- **Exercise instructions**
Leave out the images and return all the data word for word.

Collected data
BEGIN

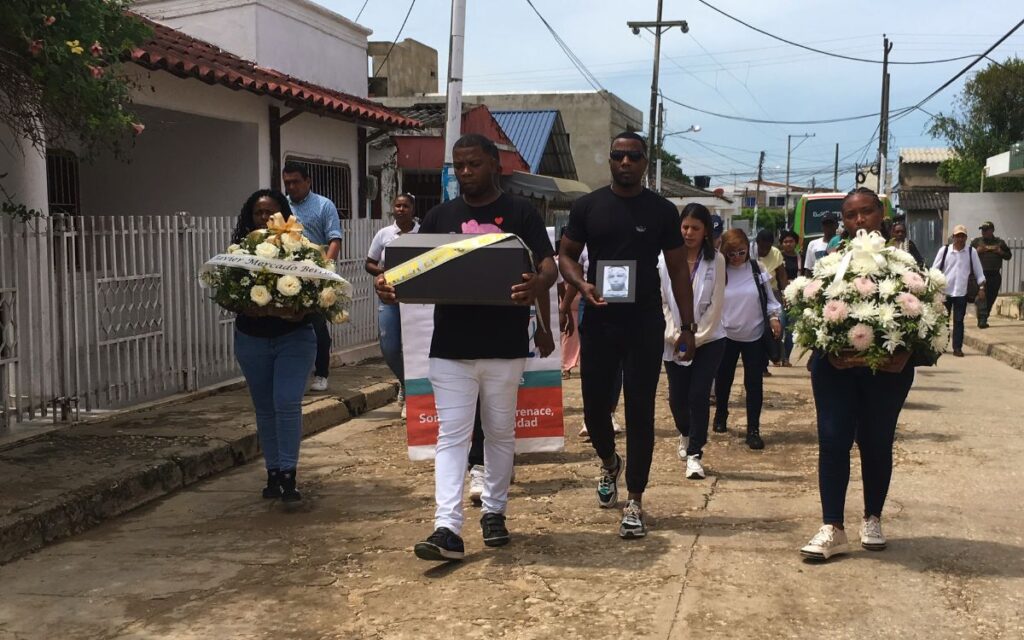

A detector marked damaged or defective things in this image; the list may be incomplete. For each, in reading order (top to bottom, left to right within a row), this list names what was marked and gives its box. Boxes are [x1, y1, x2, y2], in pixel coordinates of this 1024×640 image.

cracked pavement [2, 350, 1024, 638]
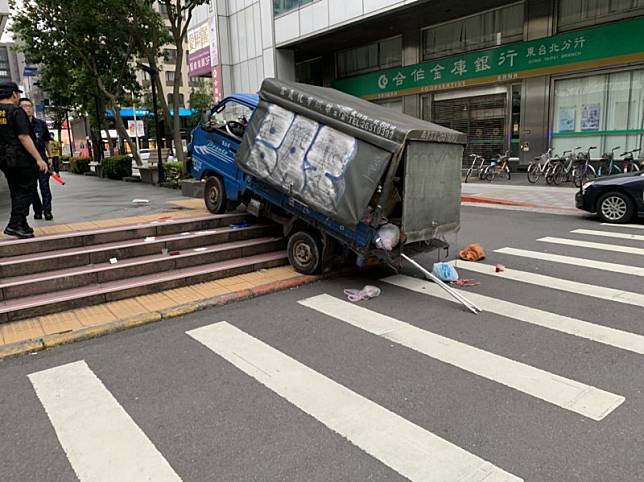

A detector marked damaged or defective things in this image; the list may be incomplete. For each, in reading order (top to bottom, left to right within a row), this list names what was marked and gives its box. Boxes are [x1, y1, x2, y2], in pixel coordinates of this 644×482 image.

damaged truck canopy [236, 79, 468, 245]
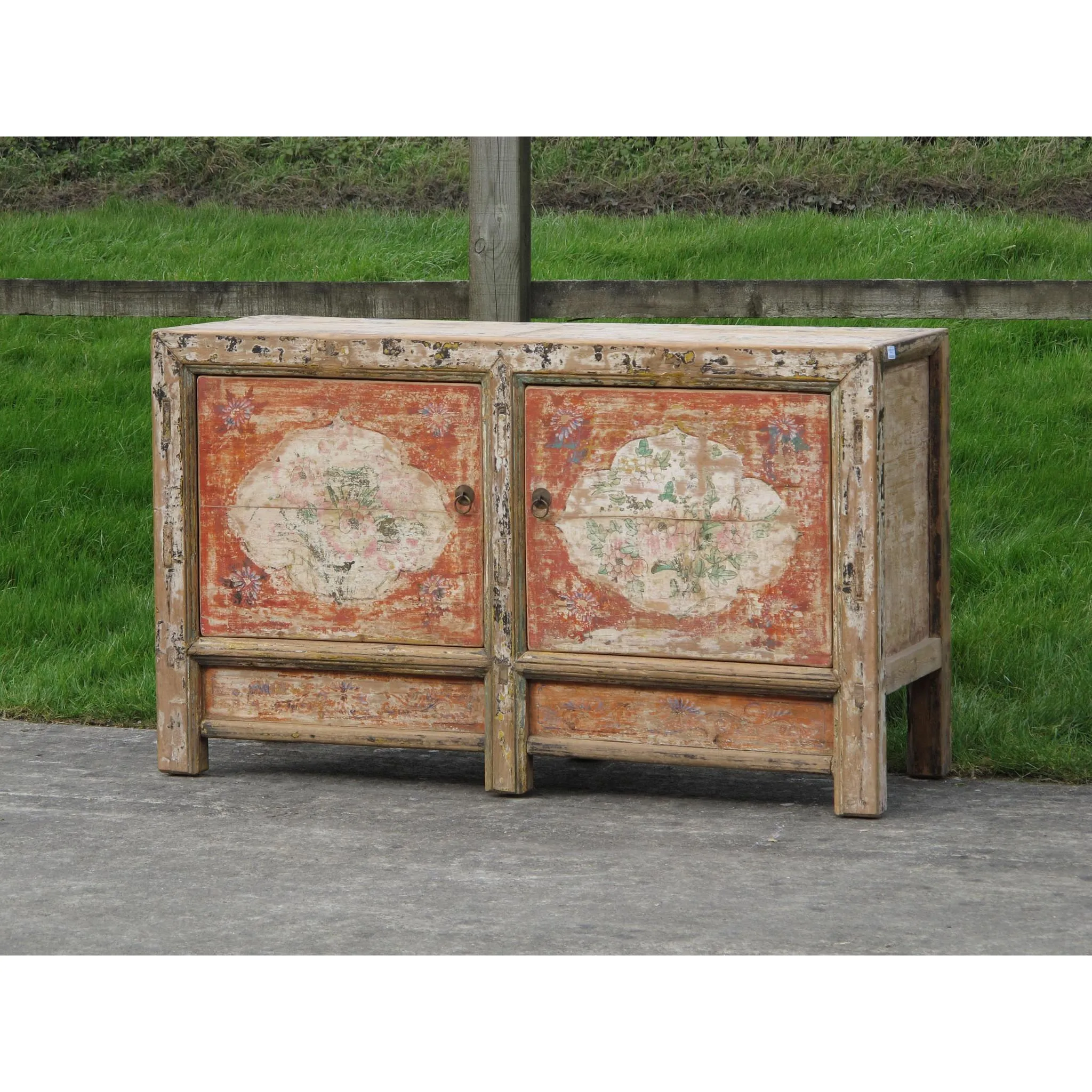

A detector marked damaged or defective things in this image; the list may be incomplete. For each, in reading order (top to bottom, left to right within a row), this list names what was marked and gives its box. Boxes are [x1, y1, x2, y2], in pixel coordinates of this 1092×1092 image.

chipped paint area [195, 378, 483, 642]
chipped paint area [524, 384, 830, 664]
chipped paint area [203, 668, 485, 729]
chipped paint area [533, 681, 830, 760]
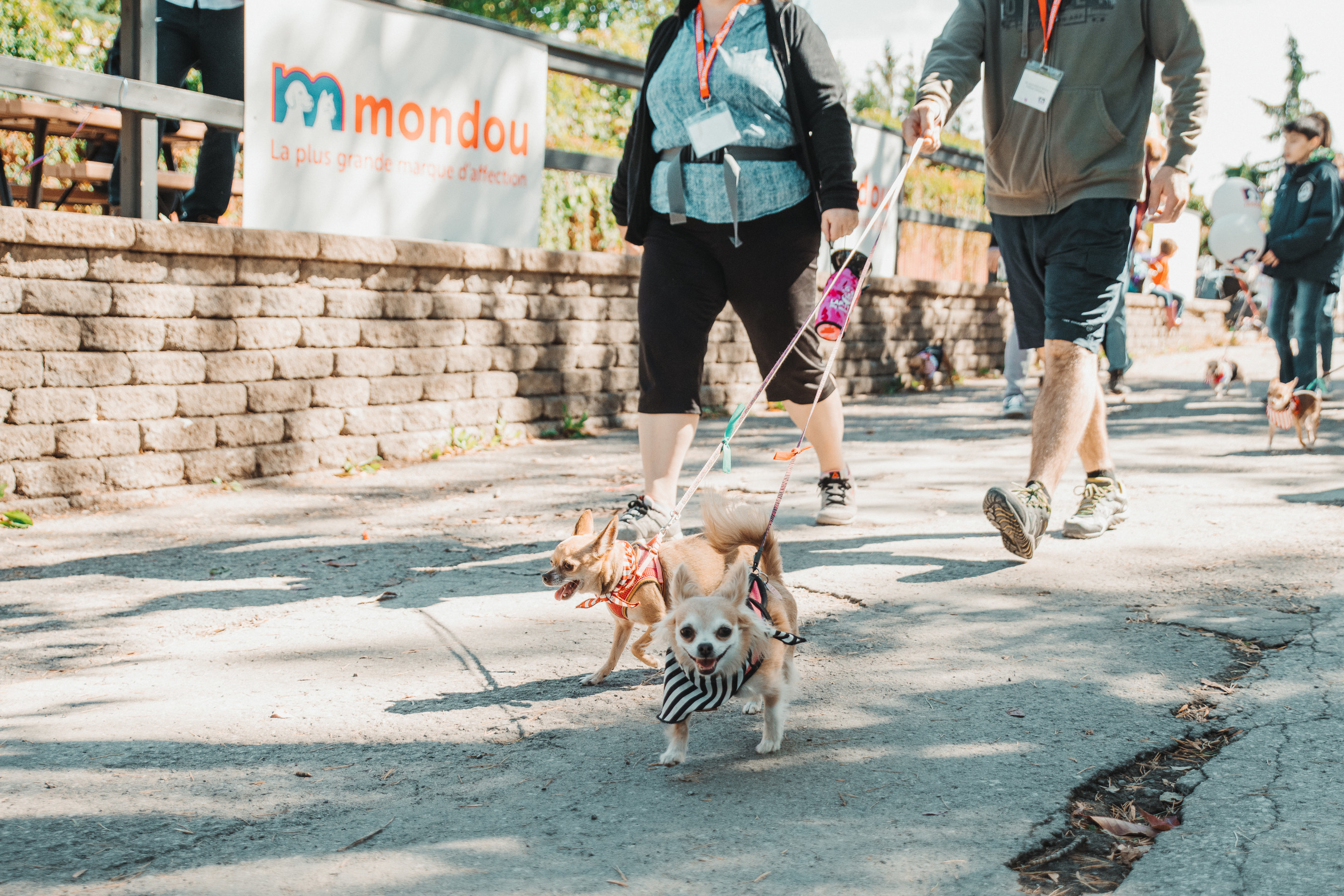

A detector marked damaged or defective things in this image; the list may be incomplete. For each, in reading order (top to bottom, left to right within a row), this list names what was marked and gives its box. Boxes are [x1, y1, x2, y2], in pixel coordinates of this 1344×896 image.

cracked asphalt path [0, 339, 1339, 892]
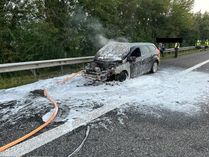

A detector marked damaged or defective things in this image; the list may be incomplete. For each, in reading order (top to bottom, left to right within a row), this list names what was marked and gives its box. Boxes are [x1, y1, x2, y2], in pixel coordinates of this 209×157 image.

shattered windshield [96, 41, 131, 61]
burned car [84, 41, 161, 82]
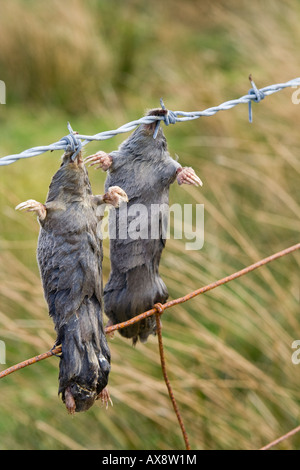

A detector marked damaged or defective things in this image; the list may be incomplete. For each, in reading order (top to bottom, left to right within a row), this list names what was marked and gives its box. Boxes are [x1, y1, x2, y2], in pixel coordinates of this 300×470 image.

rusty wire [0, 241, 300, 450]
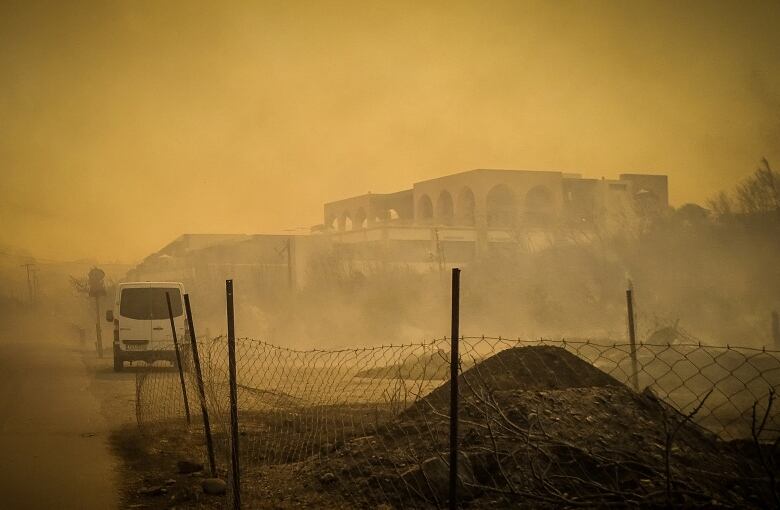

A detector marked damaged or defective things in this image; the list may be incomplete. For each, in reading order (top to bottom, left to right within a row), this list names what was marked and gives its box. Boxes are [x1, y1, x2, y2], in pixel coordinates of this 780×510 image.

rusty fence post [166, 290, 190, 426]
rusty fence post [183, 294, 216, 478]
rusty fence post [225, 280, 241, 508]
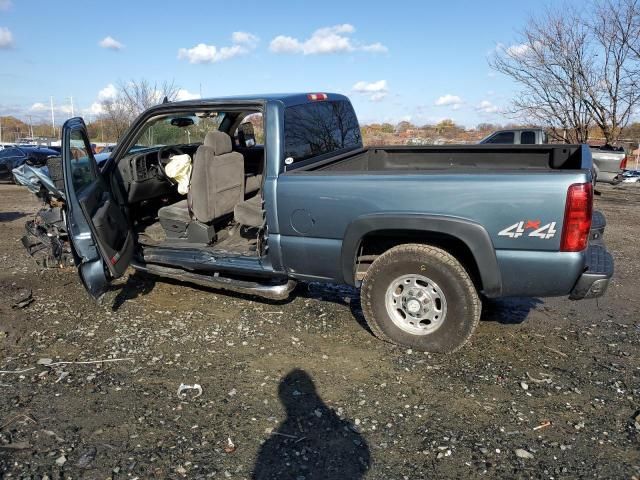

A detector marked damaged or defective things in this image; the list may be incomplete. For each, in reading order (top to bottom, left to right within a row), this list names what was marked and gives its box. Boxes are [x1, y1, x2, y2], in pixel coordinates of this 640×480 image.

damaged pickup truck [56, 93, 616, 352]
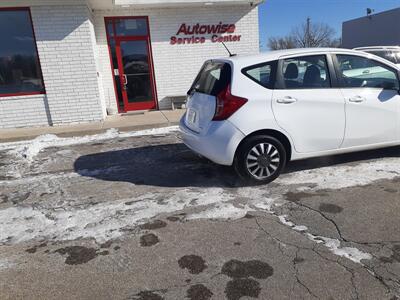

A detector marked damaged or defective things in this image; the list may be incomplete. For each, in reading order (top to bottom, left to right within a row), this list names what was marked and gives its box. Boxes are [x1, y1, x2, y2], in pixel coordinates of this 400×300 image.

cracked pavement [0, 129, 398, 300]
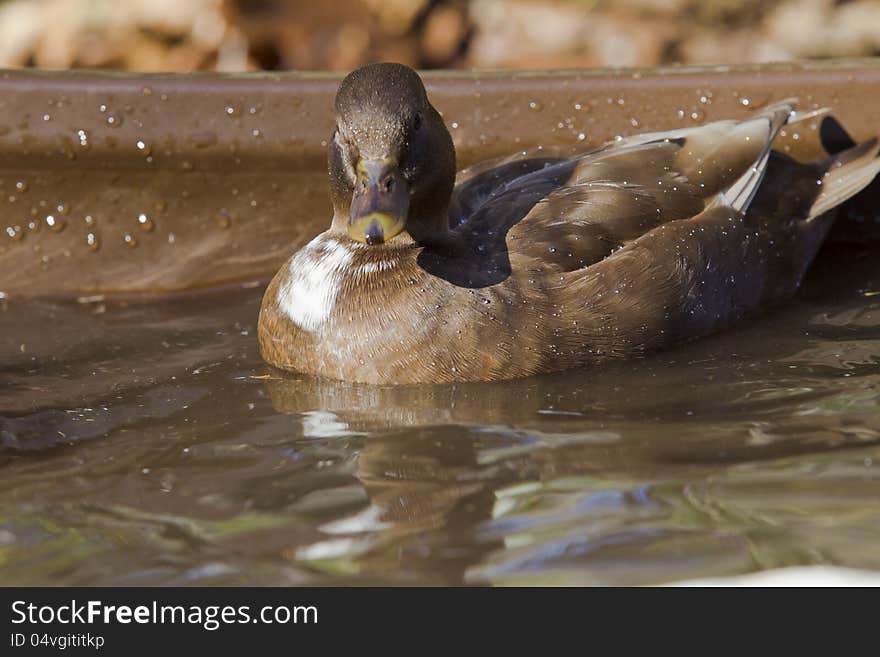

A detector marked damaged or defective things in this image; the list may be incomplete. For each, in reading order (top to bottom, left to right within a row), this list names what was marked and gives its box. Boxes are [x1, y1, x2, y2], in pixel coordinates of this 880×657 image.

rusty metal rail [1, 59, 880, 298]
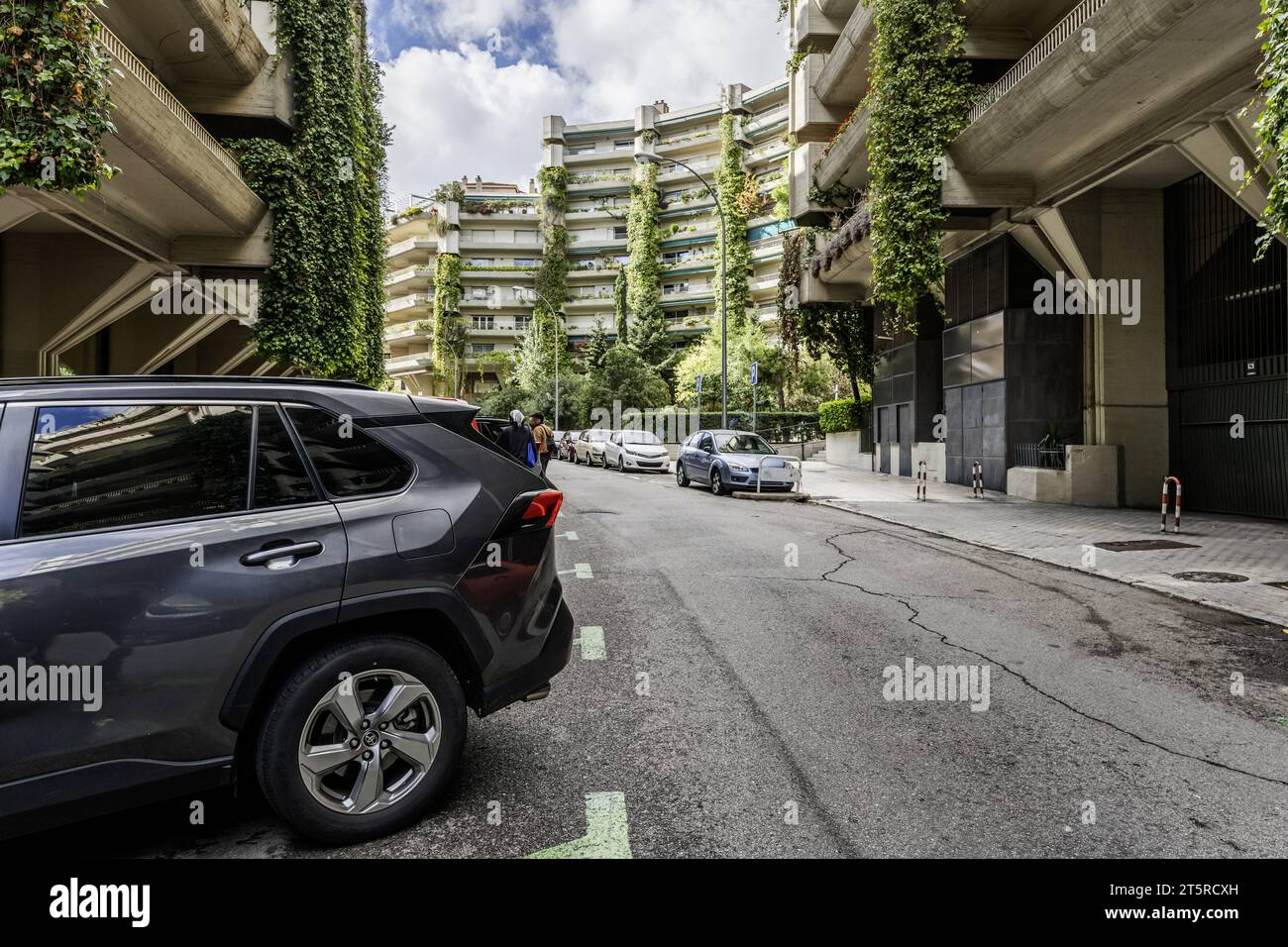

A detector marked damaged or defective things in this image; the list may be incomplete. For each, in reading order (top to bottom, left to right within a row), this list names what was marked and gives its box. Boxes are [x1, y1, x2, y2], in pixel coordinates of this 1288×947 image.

END

- **Final answer**
A detector marked damaged or defective things in this image; the list may be incomplete. For each, in reading order (top to bottom, left to right within a row), this list names what was marked and gives its box. Boxes are [x1, y1, x2, y2], in pixel coordinates of this 1024×640 image.

cracked pavement [2, 350, 1024, 638]

A detector marked damaged or defective things in this image; the list may be incomplete. For each, in reading order (top to bottom, left to right within a row), this list names what was marked and gives its box. Boxes are [x1, y1, x2, y2], in pixel coordinates of this 644×482 image.

damaged truck canopy [236, 79, 468, 245]

A detector marked damaged or defective things in this image; the list may be incomplete. For each, in reading order (top to bottom, left to right within a row), this list names what was marked and gives its box. Boxes are [x1, y1, x2, y2], in pixel coordinates of this 1092×1092 image.

chipped paint area [195, 378, 483, 642]
chipped paint area [524, 384, 830, 664]
chipped paint area [203, 668, 485, 729]
chipped paint area [533, 681, 830, 760]

A detector marked damaged or defective things in this image; the list may be incomplete. For each, in reading order (top to bottom, left to right within a row), this list names what was marked and gives its box. Boxes are [x1, y1, x2, y2], in pixel coordinates of this 1344×896 image.

cracked asphalt path [0, 339, 1339, 892]

A detector marked damaged or defective things in this image; the list may be incomplete. For each, in reading order (top to bottom, left to right within a row), this list names what was marked and gives its box. Boxes are [x1, y1, x2, y2], in pixel coordinates of this 209×157 image.

shattered windshield [96, 41, 131, 61]
burned car [84, 41, 161, 82]

A detector marked damaged or defective things in this image; the list may be incomplete. For each, in reading order (top to bottom, left to right within a row), this list names what was marked and gives its box. Boxes are [x1, y1, x2, y2], in pixel coordinates of this 300×470 image.

rusty wire [0, 241, 300, 450]

A detector marked damaged or defective things in this image; the list may be incomplete. For each, in reading order (top to bottom, left to right within a row), this list names what was marked and gives its box. Boxes are [x1, y1, x2, y2], in pixel coordinates of this 780×510 image.

rusty fence post [166, 290, 190, 426]
rusty fence post [183, 294, 216, 478]
rusty fence post [225, 280, 241, 508]

A detector marked damaged or defective things in this image; the list may be incomplete. For each, in reading order (top to bottom, left to right within a row), this list names what was marked and gives its box. Boxes are [x1, y1, x2, y2], in pixel coordinates of this 640×480 image.

damaged pickup truck [56, 93, 616, 352]

A detector marked damaged or defective things in this image; the list may be incomplete. For each, in reading order (top to bottom, left to right within a row), this list names what was marked and gives its box. Boxes are [x1, y1, x2, y2], in pixel coordinates of this 400×300 image.

cracked pavement [0, 129, 398, 300]

A detector marked damaged or defective things in this image; the list may be incomplete. For each, in reading order (top to bottom, left to right within a row), this list names what was marked and gives its box. Boxes are [x1, y1, x2, y2], in pixel coordinates of this 880×657 image.

rusty metal rail [1, 59, 880, 298]

A detector marked damaged or defective things in this image; the list may be incomplete. For each, in reading order (top to bottom, left to right within a row), this list names what was marked and gives its box. Boxes are [x1, y1, x2, y2], in pixel coordinates of this 1288×947 image.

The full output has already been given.